[Short text fragments from websites]

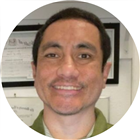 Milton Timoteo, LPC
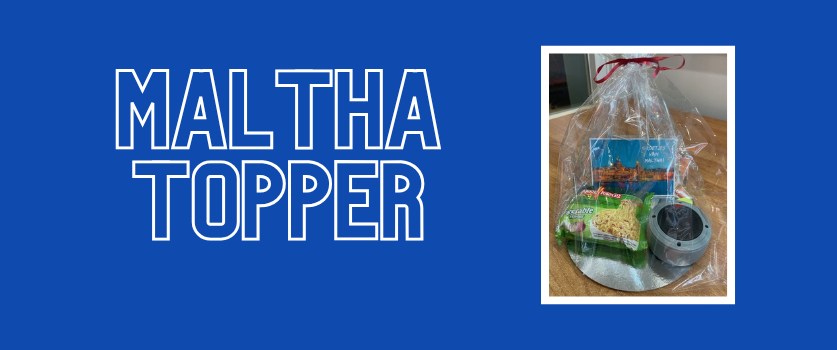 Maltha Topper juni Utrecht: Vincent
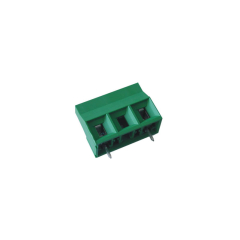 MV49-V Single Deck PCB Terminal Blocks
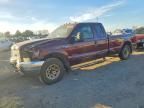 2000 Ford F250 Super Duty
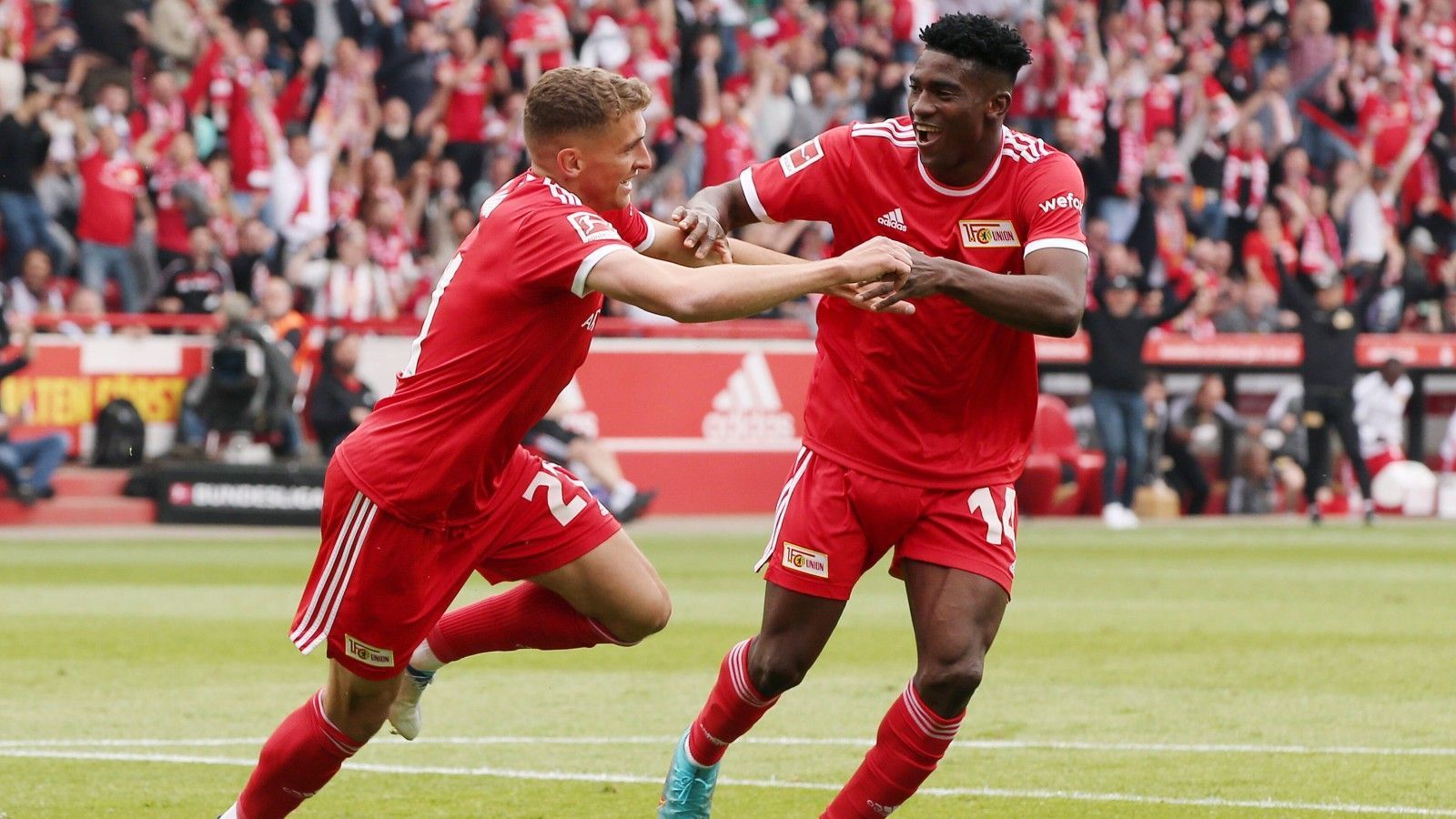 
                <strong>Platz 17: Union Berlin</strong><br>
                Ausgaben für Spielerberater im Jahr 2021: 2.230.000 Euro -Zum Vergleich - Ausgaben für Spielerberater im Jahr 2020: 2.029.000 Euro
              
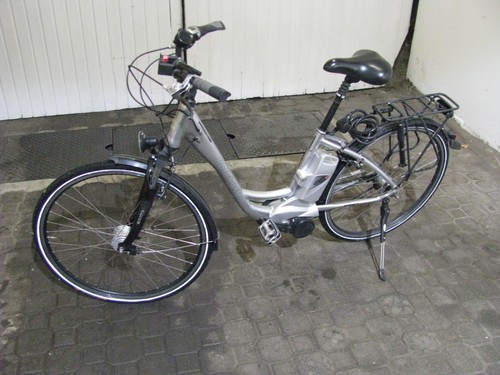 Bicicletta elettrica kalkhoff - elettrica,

Task instructions -
A verbatim copy of the records above, without pictures, is required.

Answer for this exercise -
 Milton Timoteo, LPC
 Maltha Topper juni Utrecht: Vincent
 MV49-V Single Deck PCB Terminal Blocks
 2000 Ford F250 Super Duty
                <strong>Platz 17: Union Berlin</strong><br>
                Ausgaben für Spielerberater im Jahr 2021: 2.230.000 Euro -Zum Vergleich - Ausgaben für Spielerberater im Jahr 2020: 2.029.000 Euro
              
 Bicicletta elettrica kalkhoff - elettrica,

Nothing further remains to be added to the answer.